Private-sector workers would be equally tempted, according to Mr Noonan.

"If people were sure, really sure that services were going to improve, they would agree. My instinct is that while taxation is an issue all the time, it isn't as strong as it was.

"Education is an issue, particularly now. Health is huge. Waiting lists now affect people, even if they have VHI or BUPA. It's five or six months for a knee operation, regardless," he said.

"We seem to have cracked the wealth creation problem. Now it is about a question of equity. It isn't just enough to have a successful economy. It must be socially successful as well."

Mr Joe O'Toole, a senator and leader of the Irish National Teachers' Organisation, agreed: "If the quality-of-life message is ever to strike a chord it has to be now."

The recent contacts have done much for Mr Noonan's standing with the union leaders. Although Mr John Bruton operated social partnership, they always regarded him as a sceptic on the subject.

But union leaders' opinions on "the social contract" are one thing. The views of their rank-and-file are another. Here, the omens are not so good.

The vote on the Programme for Prosperity and Fairness was won narrowly in many unions. State employees may balk at dramatic change, even if they are getting paid for it.

Hedging his bets, therefore, Mr Noonan has put something aside for those interested in taxes and not contracts: a 30 per cent tax rate to cover a single person's income of £20,000 to £31,000 and double that for couples.

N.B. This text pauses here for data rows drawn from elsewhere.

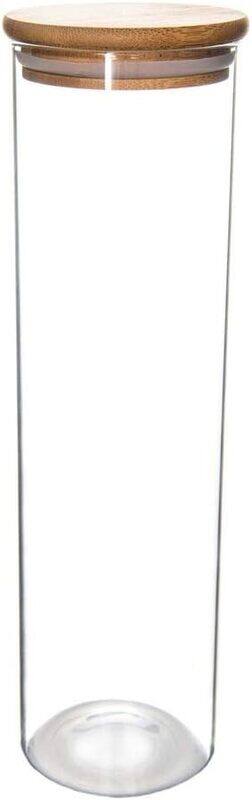 

Generic Tall Bamboo And Glass Storage Jar 1.25Litre, Clear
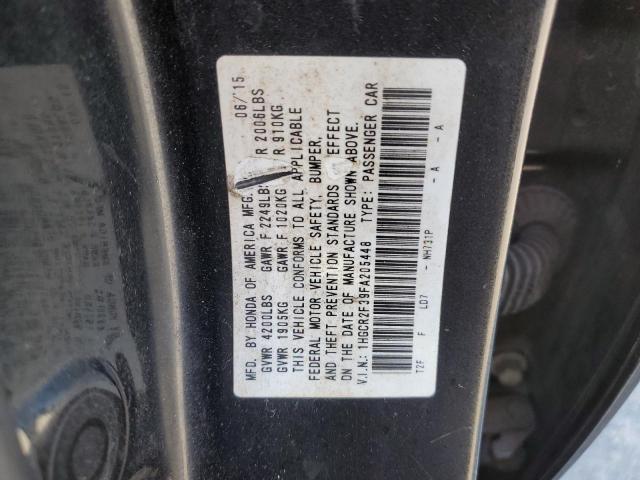 1HGCR2F39FA205448 - 2015 HONDA ACCORD LX BLACK photo 12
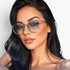 Beach Rose Co. round full-rim sunglasses with clear polycarbonate frames and gradient lenses worn by a woman.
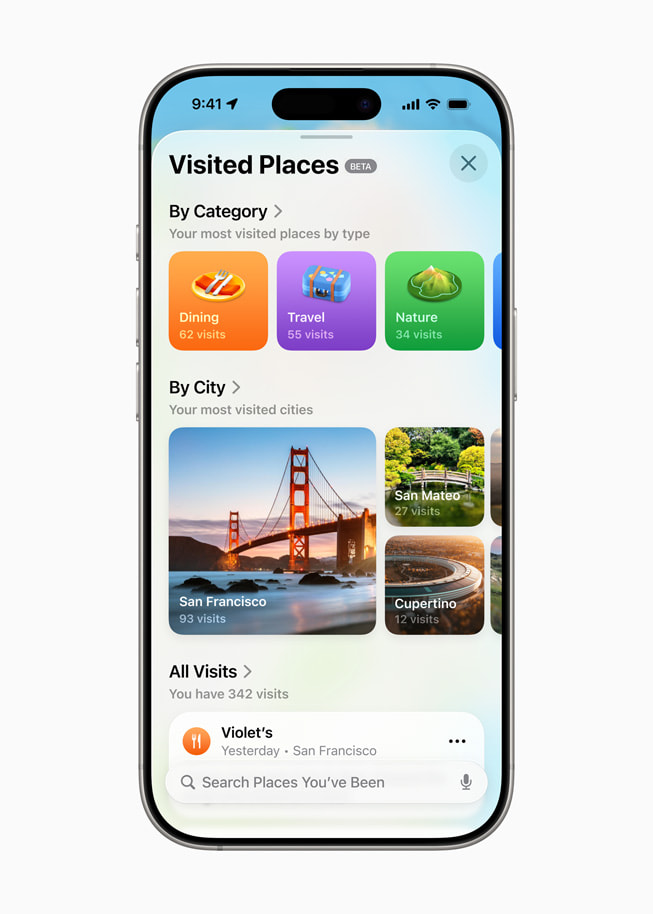 Sur iPhone 16 Pro, les endroits visités par une personne s’affichent dans Plans.
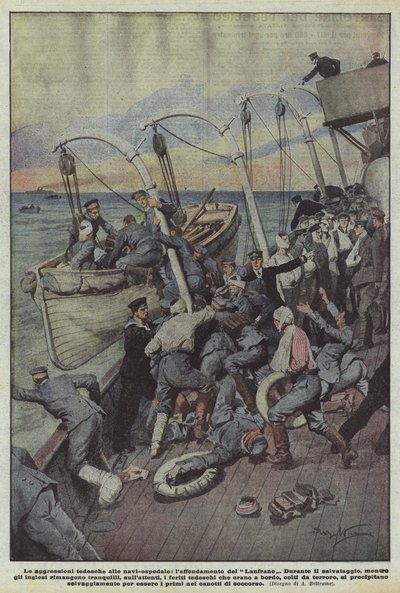 The German Attacks on Hospital Ships, the Sinking of the Lanfrane by Achille Beltrame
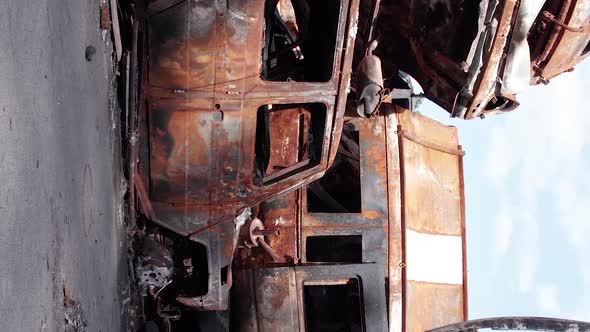 Vertical Video of Burned Cars During the War in Irpin Ukraine alt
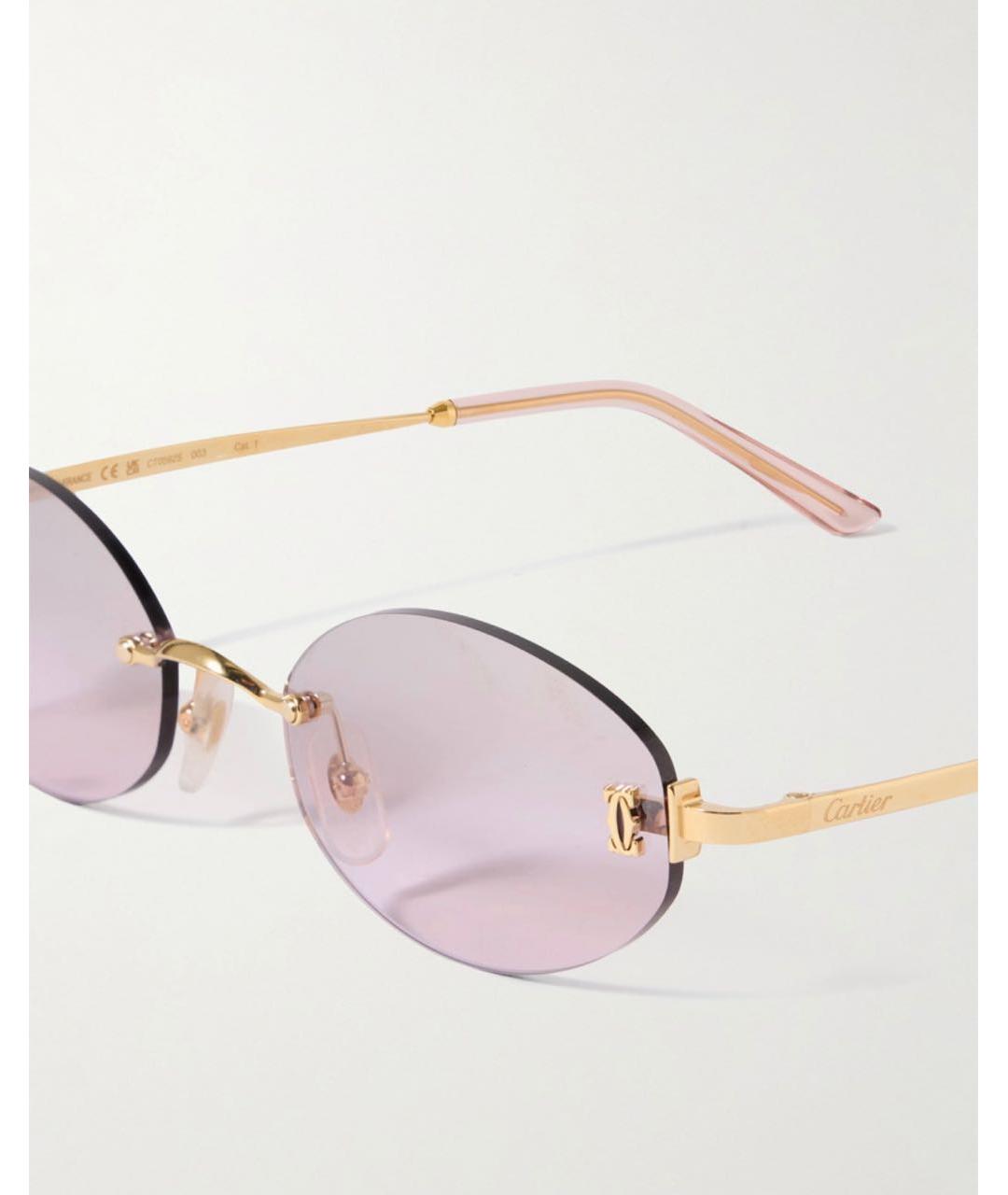 CARTIER Розовые металлические солнцезащитные очки, фото 3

Speaking to a nearly empty Dail chamber just days before Mr Noonan's "ardfheis that never was", the FG deputy leader, Mr Jim Mitchell, said middle-income taxation was still too high. If it did not fall tax bands would have to rise sharply and/or the top rate would have to fall. Both courses would be expensive, he argued. The latter would be unfair.

The plan, coupled with the abolition of DIRT, cuts in Value Added Tax and restoring employers' PRSI ceiling, met with the ire of the Labour TD, Mr Derek McDowell.

"We cannot pretend that one can have it both ways, as the Government did in its most recent Budget. It seems that Fine Gael wants to go down the same road, and I deplore that," he said scornfully.

Labour circulated the transcript of the exchange later. By this week, however, tempers had recovered as they chose to highlight the distance travelled by FG.

Two years ago, Mr McDowell said, Mr Noonan had pushed for a 35 per cent "middle" rate, effectively a top rate in disguise. "The refinement clearly makes a significant difference."

For now the social contract is "the big idea". With the clock ticking towards the next election. Mr Noonan accepts it will have to be sold.

"We will have to start putting out our stall quickly. We would be fairly convincing on some of them right now. But we can't wait until a campaign begins.

"It is very hard to convince the public in just three weeks about something like this. The credibility shutters come down once a campaign starts," he said.